**WORK TASK**
Copy exactly every line below, from the first through the one that contains "фото вино Casanova", and skip all pictures.

Stored entries:
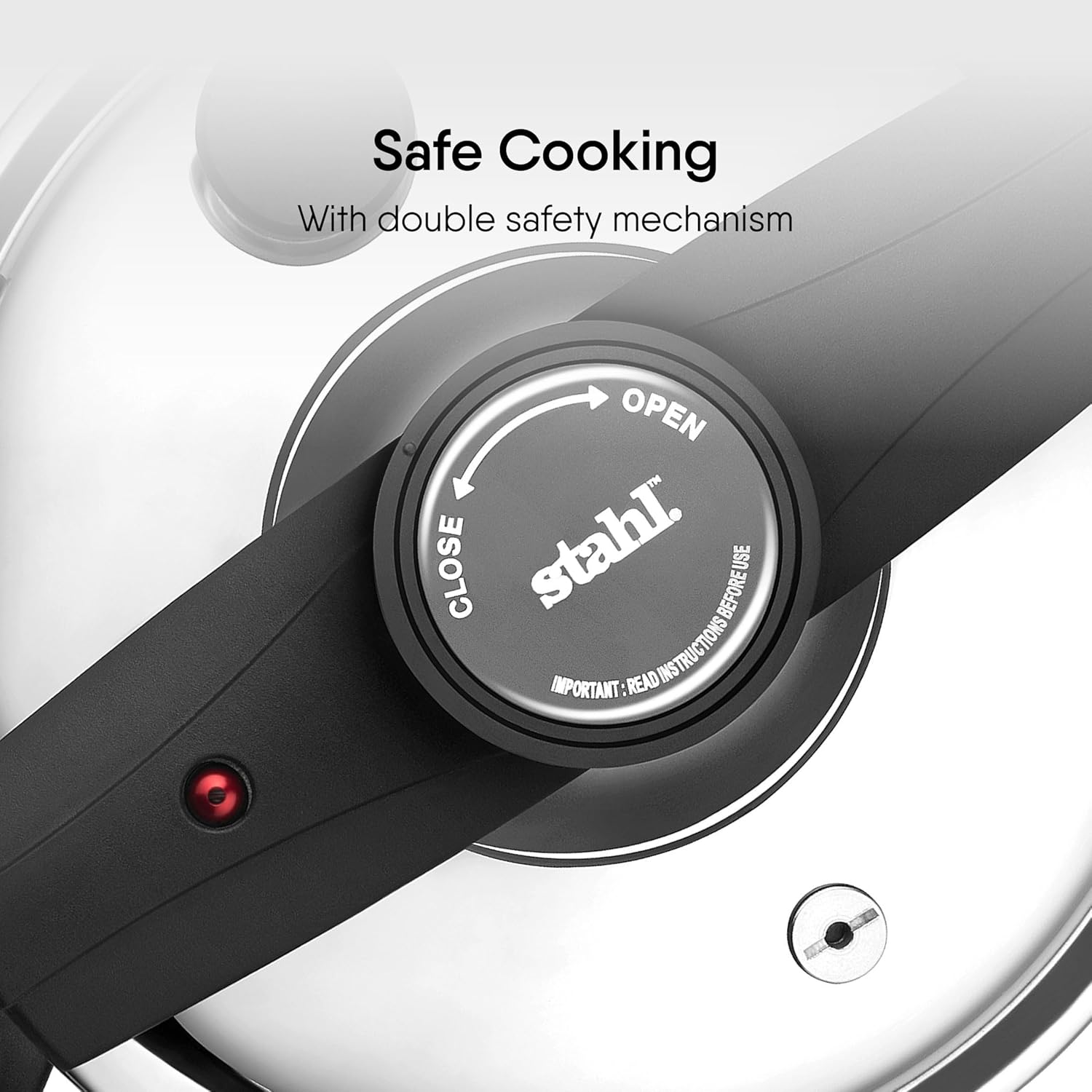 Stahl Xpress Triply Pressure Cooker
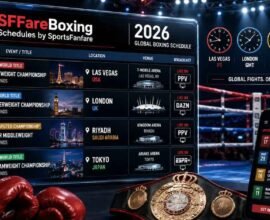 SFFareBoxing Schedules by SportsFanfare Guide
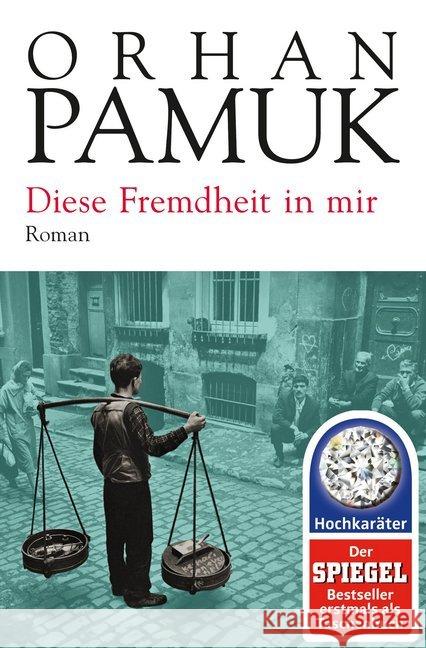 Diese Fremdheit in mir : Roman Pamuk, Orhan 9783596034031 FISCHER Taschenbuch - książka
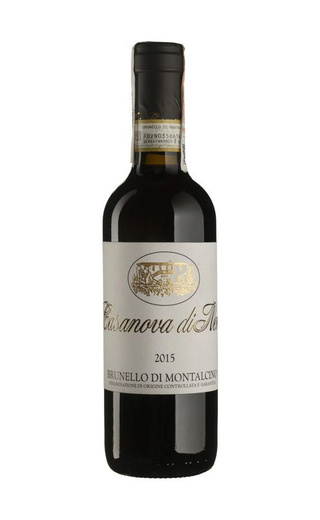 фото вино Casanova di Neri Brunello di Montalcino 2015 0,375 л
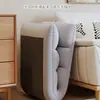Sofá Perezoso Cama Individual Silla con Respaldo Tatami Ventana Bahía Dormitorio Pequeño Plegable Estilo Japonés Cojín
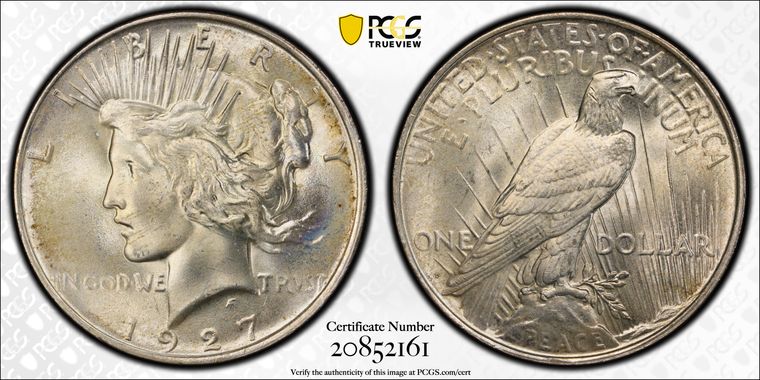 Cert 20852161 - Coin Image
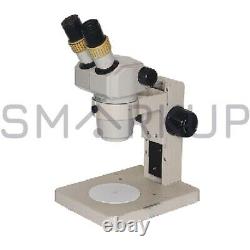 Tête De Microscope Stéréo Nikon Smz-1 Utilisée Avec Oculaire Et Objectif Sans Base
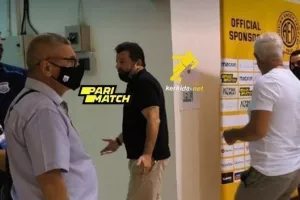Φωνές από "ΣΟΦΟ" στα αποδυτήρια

**EXERCISE ANSWER**
 Stahl Xpress Triply Pressure Cooker
 SFFareBoxing Schedules by SportsFanfare Guide
 Diese Fremdheit in mir : Roman Pamuk, Orhan 9783596034031 FISCHER Taschenbuch - książka
 фото вино Casanova di Neri Brunello di Montalcino 2015 0,375 л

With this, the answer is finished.